DATA RECORDS

►

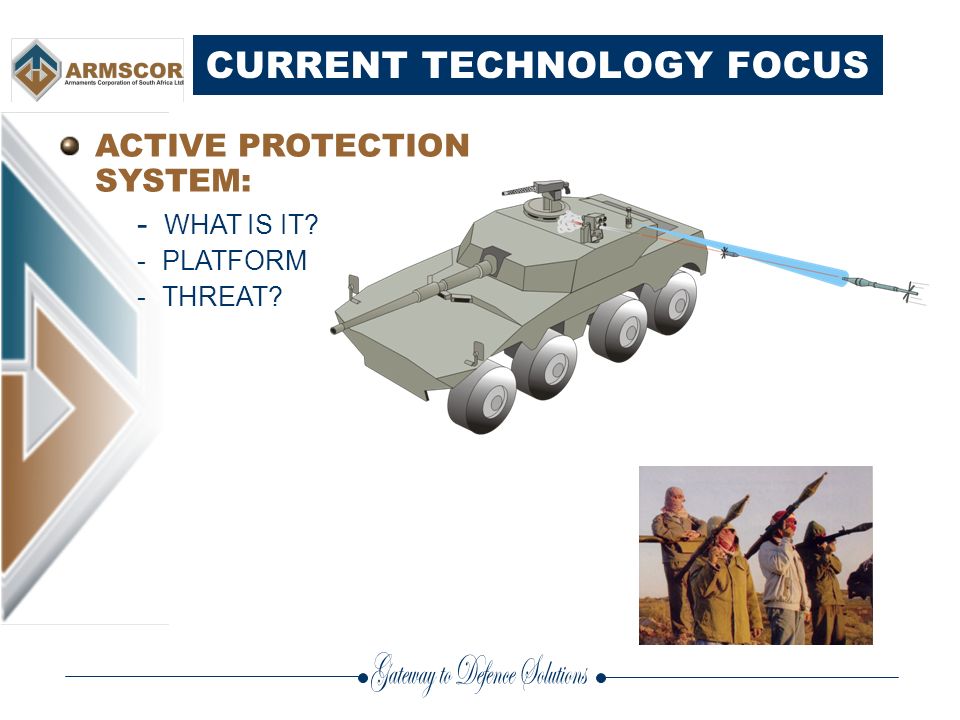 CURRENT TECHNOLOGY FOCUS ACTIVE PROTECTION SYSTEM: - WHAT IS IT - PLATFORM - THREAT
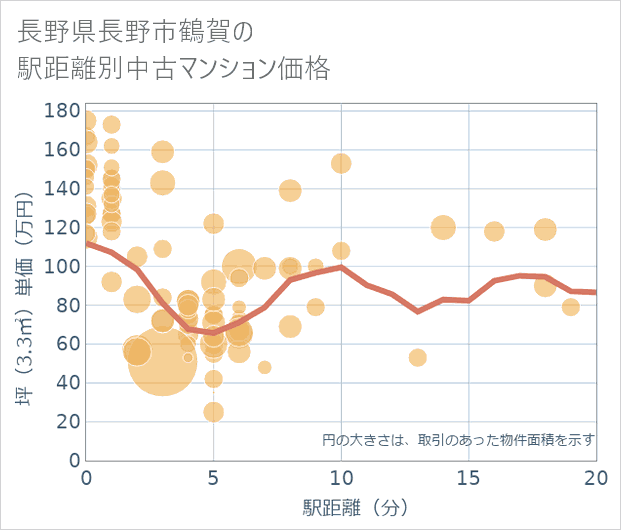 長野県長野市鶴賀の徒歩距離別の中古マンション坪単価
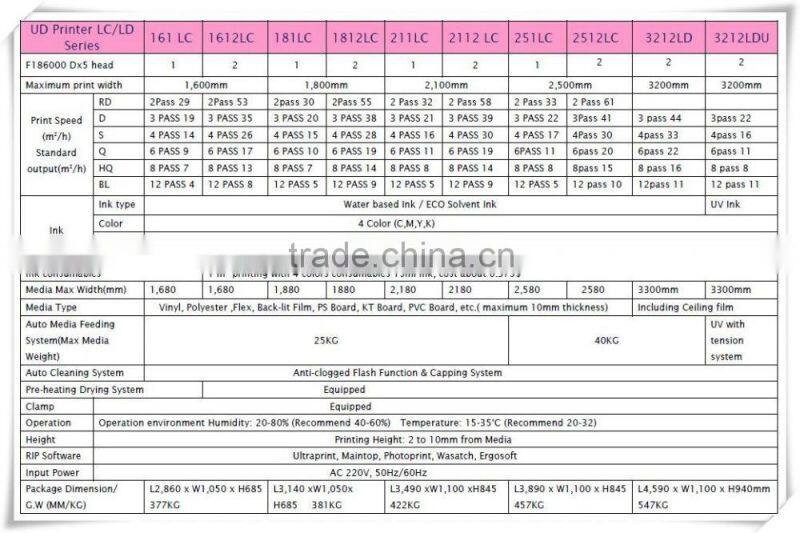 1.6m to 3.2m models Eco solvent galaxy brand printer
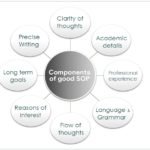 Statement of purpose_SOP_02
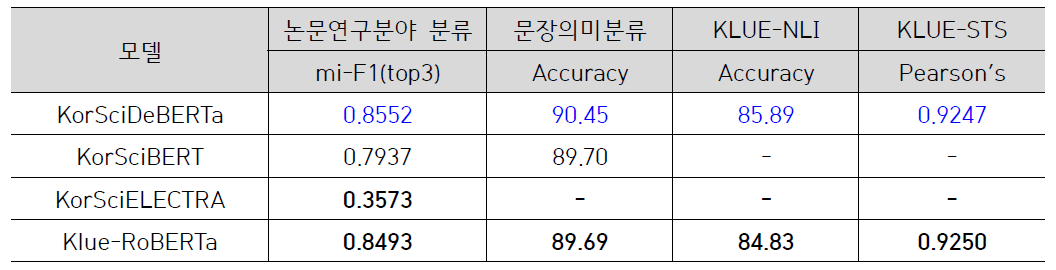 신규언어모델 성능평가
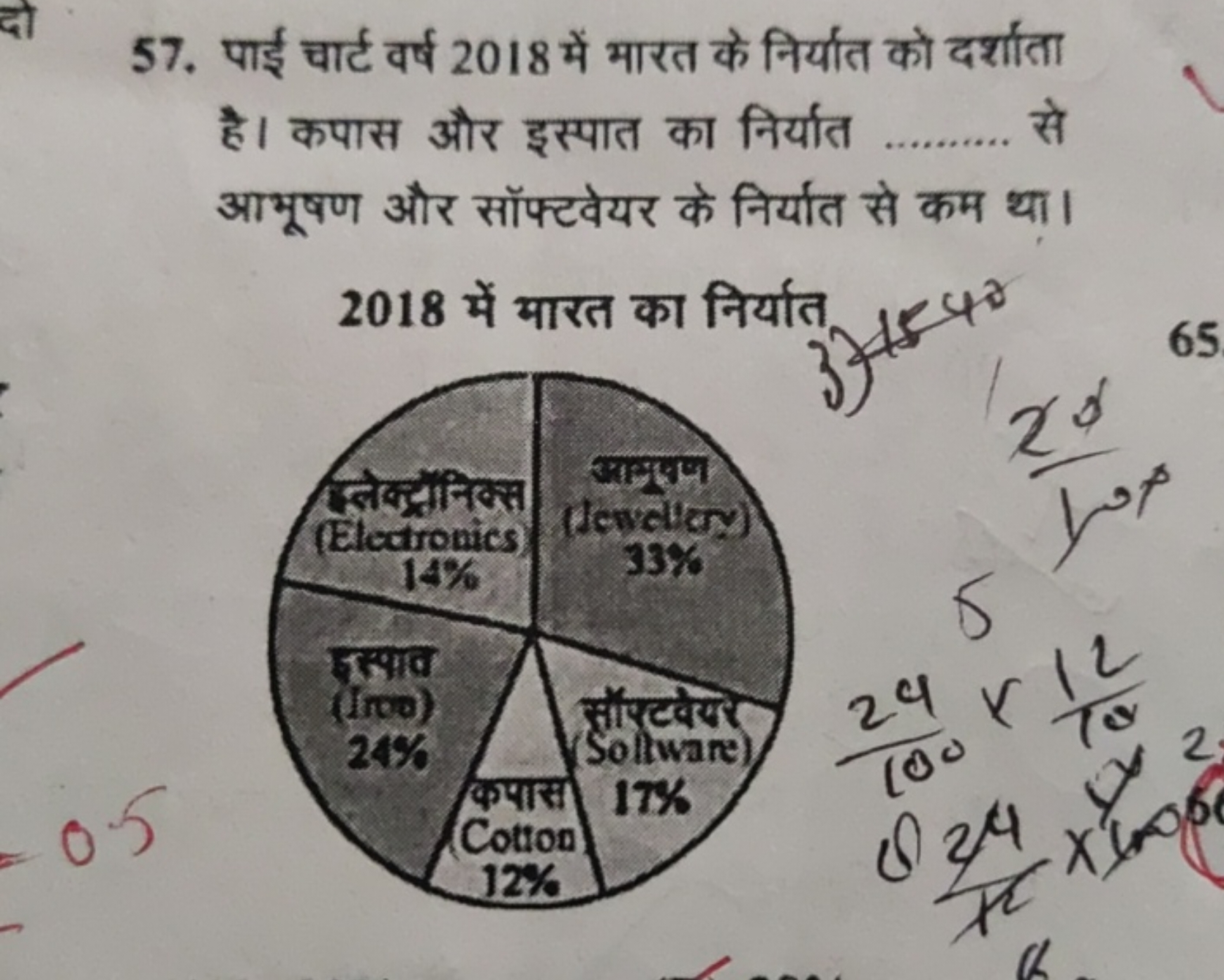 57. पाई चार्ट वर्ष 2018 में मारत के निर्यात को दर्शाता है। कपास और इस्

◄
►

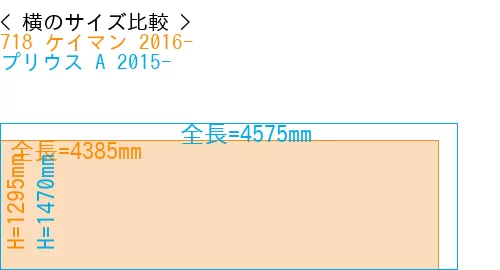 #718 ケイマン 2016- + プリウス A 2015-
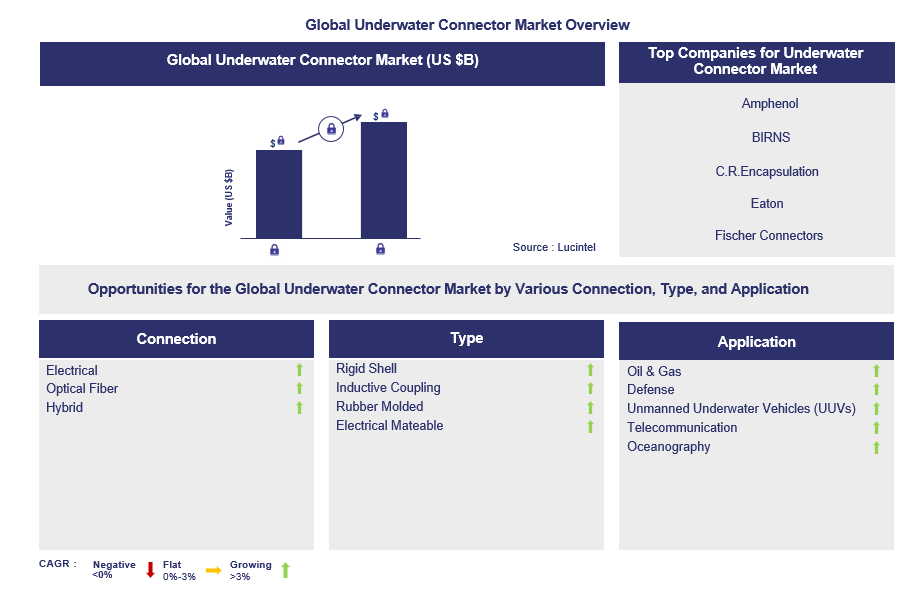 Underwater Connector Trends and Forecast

◄
►

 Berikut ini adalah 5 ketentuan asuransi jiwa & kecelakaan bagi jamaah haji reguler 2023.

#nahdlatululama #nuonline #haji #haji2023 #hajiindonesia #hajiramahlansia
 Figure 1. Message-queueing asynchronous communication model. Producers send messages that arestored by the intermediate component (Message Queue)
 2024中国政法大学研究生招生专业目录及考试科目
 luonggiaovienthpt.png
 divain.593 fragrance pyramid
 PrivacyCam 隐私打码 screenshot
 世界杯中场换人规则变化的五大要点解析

◄

WHAT TO PRODUCE
Report the number of lines in the entries above that include the string "haji". Give nothing but the number.

EXERCISE RESPONSE
2